Friday, 28 February 2020

Ciaooooo tutti ragazzi!


Treviso’da 2. ayımı tamamlarken diyorum ki 2 ay bu kadar hızlı geçtiyse kalan 6 ayım soluk almak kadar hızlı mı geçecek? Neyse o soluk almak kadar hızlı geçe dursun da asıl zamanın geçtiğini sürecin sonunda olduğumuz yeni insan ile karşılayalım diyorum ben..:)
Bu ay bir torba dolusu yeni tecrübe ile geçti.
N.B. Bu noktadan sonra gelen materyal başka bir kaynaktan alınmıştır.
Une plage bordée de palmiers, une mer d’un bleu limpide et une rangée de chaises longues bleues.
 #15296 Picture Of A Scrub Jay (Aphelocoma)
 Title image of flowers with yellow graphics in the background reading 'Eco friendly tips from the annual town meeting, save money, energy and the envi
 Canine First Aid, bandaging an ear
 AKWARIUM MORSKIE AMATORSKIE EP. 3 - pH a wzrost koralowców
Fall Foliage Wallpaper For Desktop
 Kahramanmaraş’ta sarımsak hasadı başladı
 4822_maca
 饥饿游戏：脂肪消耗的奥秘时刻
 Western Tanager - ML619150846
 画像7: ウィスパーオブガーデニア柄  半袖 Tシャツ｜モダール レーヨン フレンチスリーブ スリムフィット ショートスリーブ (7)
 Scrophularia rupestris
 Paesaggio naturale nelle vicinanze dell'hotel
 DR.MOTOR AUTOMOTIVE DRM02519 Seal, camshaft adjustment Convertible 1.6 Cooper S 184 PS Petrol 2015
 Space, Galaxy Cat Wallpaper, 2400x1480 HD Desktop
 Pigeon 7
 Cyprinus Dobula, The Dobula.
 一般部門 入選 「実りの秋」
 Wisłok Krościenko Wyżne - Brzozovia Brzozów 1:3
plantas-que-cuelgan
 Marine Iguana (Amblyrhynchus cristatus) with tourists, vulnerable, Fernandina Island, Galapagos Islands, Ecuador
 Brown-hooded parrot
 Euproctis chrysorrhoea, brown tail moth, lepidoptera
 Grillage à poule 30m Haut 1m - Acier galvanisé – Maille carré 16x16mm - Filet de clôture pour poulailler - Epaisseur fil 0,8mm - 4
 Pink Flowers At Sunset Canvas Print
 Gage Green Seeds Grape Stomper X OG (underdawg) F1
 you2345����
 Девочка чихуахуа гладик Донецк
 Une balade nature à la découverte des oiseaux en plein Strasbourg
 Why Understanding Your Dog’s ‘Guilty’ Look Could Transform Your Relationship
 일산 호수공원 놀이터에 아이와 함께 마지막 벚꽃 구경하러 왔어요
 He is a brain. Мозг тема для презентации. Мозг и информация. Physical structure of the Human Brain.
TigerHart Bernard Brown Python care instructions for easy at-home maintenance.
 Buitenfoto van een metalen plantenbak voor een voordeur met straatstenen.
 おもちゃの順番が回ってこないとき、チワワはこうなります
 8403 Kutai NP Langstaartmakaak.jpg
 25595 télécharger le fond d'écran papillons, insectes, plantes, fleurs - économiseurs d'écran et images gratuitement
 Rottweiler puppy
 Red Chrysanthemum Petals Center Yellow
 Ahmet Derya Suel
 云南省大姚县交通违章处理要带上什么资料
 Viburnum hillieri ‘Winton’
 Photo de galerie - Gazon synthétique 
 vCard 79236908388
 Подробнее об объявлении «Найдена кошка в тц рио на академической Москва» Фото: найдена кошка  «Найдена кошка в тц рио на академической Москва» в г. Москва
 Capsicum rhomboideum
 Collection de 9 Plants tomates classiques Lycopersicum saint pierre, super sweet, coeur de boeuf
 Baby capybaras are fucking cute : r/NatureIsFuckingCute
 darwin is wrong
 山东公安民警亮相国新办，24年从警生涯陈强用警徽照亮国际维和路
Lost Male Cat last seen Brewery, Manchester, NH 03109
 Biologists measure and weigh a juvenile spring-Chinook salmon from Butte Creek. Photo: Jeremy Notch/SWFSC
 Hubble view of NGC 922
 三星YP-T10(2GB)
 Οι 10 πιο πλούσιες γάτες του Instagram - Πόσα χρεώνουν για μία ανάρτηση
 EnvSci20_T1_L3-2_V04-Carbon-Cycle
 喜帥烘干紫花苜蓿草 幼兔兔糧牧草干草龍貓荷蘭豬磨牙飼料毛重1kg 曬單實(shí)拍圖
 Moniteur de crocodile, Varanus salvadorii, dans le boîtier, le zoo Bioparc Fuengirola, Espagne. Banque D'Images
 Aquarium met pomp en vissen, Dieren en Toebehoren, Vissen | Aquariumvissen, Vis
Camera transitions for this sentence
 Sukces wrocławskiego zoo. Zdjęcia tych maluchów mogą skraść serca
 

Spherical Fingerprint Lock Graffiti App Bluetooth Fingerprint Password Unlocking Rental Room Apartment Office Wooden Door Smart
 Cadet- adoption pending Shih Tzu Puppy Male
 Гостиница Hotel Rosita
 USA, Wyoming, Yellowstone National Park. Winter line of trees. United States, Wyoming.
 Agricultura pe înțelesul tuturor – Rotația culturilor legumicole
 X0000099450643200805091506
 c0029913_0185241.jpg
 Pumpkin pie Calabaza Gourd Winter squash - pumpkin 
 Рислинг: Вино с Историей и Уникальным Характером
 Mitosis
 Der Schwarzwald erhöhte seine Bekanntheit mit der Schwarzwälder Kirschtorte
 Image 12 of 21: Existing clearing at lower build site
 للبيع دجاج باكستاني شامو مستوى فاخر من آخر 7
Etkinlikler hazırlarken kendimi keşfettiğim, yeni zorluklarla karşılaşıp bunları çözmenin yolunu bulduğum, çok fazla danışıp çok fazla yol keşfettiğim, gezip gördüğüm, hiç bilmediğim bir ülkenin, karşılaştığım her insanın gözünden bir şeyleri keşfettiğim dünyayı buraya nasıl aktarabilirim bilmiyorum.
Bir hafta sonu İtalya’nın pizza başkenti Napoli’yi tadalım diye yola çıktık Avustralyalı arkadaşım ile, her şeyden habersiz. Gece karanlığında kendimizi Napoli tarihinin içinde bulup, aniden değiştirdiğimiz başka bir sokakta çılgın Napolitan insanlarla caddelerce eğlendik. İtalya’nın Teksası ve pizza dahisi Napoli’yi ve hayalim olan Pompei tarihini içime çekmek hazırlayacağım aktiviteler için bana ilham ve enerji oldu. Döndüğümde ise aynı evi paylaşacağım Londra’da yaşayan arkadaşım bana gerçek bir İngiliz yol haritası oldu. Kendimi şanslı hissettiğim ve şansımı yarattığım bir ayı başlatmış oldum…
Biraz etkinliklerden bahsetmek istiyorum; mülteci çocukların okul sonrası eğitimlerini desteklemek için içinde yer aldığım etkinlikte o çocukların gözünden İtalyancanın anlaşılamazlığını gördüm üstüne onlar ile bazı zamanlar İngilizce derslerinde çalışıyorduk haliyle çok fazla karmaşa meydana geliyordu. Buranın asıl amacı bu çocukların derslerindeki başarıya odaklanırken ben bana düşen kısımda vereceğim bilgiyi oyunlaştırarak onlarla empati kurarak vermeyi seçmiştim bu yaptığım oradaki İtalyan gönüllüleri de etkiledi ve şimdi birlikte daha fazla hassasiyet gösteriyoruz. Dünyanın neresinde olursa olsun çocuk çocuktur, dünyayı çocuk gözünden anlamak harika bir duygu, kendi çocukluğumuz ile..:) Bir diğer aktivitem olan ortaokul düzeyi çocuklarla ile yaptığım ingilizce aktivite başlarda beni korkutmuştu, bu gençler aileleri tarafından haftada bir gün 1 saat için bir kilise sınıfında ingilizce öğrenmeleri için gönderiliyordu ve ergenlik döneminin duygusal geçişleri içindelerdi. Benim ise amaçladığım onlara okuldaki formal eğitimin dışında ingilizce konuşabilecekleri o rahat ortamı yaratmaktı, korkmadan. Bunun için uzun soluklu bir plan ile ilerlemek gerekiyordu ve beş haftanın sonunda sınıfın en yaramaz çocuğu bile elinden gelenin en iyisi yapmak için özveri gösterdi bu işte benim-bizim başarı hikayemizdi.. Birlikte yol aldık ve keşfettik yeterliliklerimizi, yapabileceklerimizi, saf kendimiz olarak,yargılamadan, öğrenerek. Gönüllülük ile dokunduğumuz her bir deneyim dünya için karnaval! Karnaval demişken de öyle bir tarihlere denk gelmişim ki hem doğum günümü İtalya’da yeni edindiğim kültürlerarası arkadaşlarım ile kutlamış oldum hem de Venedik karnavalını tüm dünyadan insanlarla soluyacaktım! Bu karnaval yaklaşırken, insanları tren istasyonlarında, kafelerde kahvelerini yudumlarken hatta sokak ortasında sandviçlerini ısırırken geleneksel kostümleriyle ve maskeleriyle görürseniz şaşırmayın!  Bu tecrübeleri edinmek her ülke için Erasmus+ plus programı ile mümkün! Haydi seç projeni gel keşfet Dünyayı VE BAŞLASIN KARNAVAL!